Dealing With Technical Debt

The rails project I’m talking about is over three years old and has seen
commits from 27 developers in that period. These developers were both
co-workers, freelancers, off-shore developers and designers of different
levels of expertise.

Technical Debt Inventory

Needless to say, as most projects of this size and age, this one has plenty of
technical debt. Let’s make an inventory.

The test suite takes approximately eighty minutes to run. These are all
RSpec tests, including features.

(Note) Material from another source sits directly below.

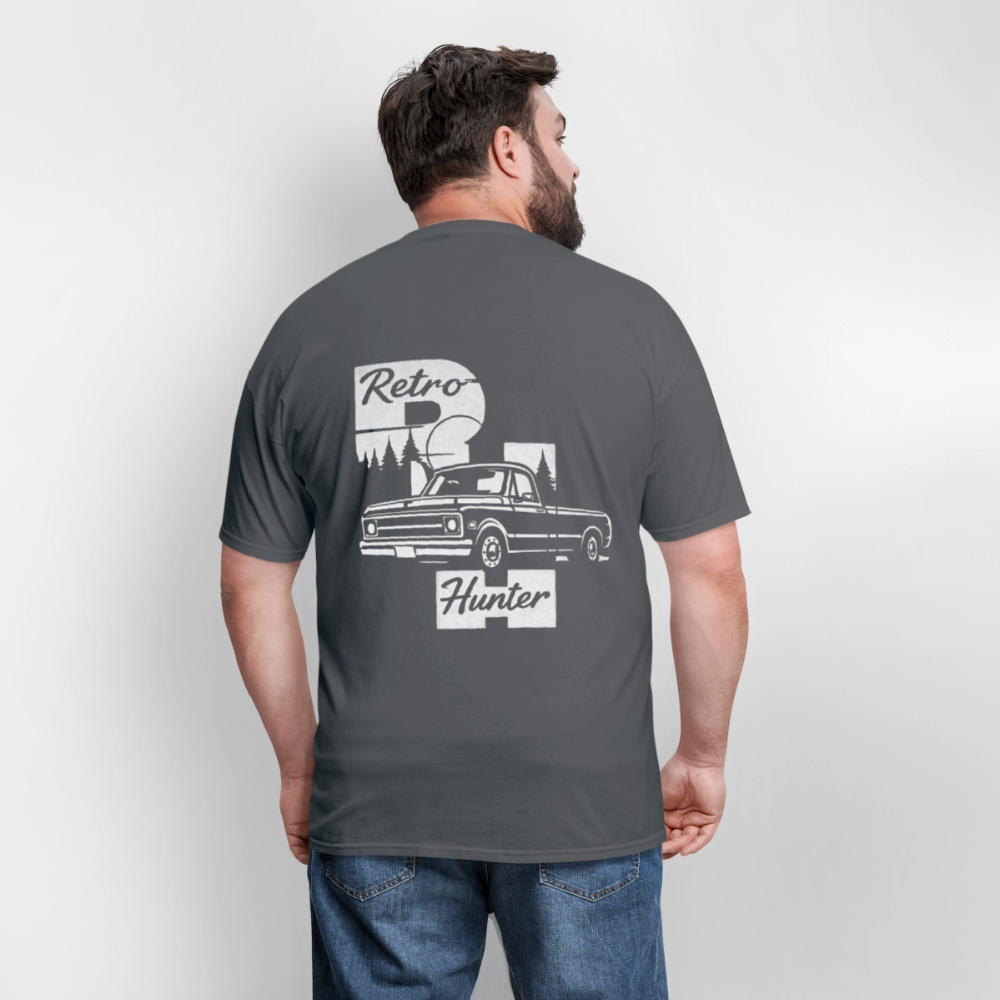 RetroHunter - Original T-Shirt (Unisex) - charcoal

Luckily we can split the entire suite up
into smaller parts using Travis, but still the entire thing takes about
fourty minutes.

The main cause for these slow specs is a lack of understanding about how to
write good tests. For example, testing if search and pagination works,
someone thought it fine to create fifty ActiveRecord objects in a before
block.

These big offenders are easily remedied. Others are a bit harder, as
some specs require an ellaborate tree of models to test functionality.

This project has no cucumbers to discuss and review features with
Product Owners.
These cucumbers would have been awesome to discuss
features both with product owners and team members. But at the start of the
project cucumber was deemed too much hassle and Rspec feature specs were
used instead.

The main issue now is that the line between features specs and unit specs
is a thin one and people often mistake one for the other. This is probably
one of the reasons so many specs create many models and make the entire
suite slow.

There are parts of the code that are not well tested – or not at all. This
is a dangerous one. Because, from the start, nobody monitored test coverage or
did proper code reviews, there are patches of code that are not well tested,
and there are some that are not tested at all.

There are various factors to why this happened, but lack of pair
programming, code review and pressure to finish a product have resulted in
this.

Lots of smells and lots of noise. All the points above indicate there
is a certain amount of technical debt in this project. Another pointer are
code smells. To name a few I’ve seen over the past few months:

  • Long methods
  • Conditional Complexity
  • Data Clumps
  • Alternative Classes With Different Interfaces
  • Indecent Exposure
  • Uncommunicative Names
  • Divergent Change
  • Shotgun Surgery
  • Lazy Classes
  • Inappropriate Intimacy
  • Train Wrecks (or Message Chains)
  • Feature Envy

All of these found their way into the project, sneaking in besides our best
efforts to pair program and code review almost religiously.

Why does this matter?

The product we ship works. Although the specs take a long time to run, and
there are some code smells in there, the suite is actually green and we
have confidence the product works as expected.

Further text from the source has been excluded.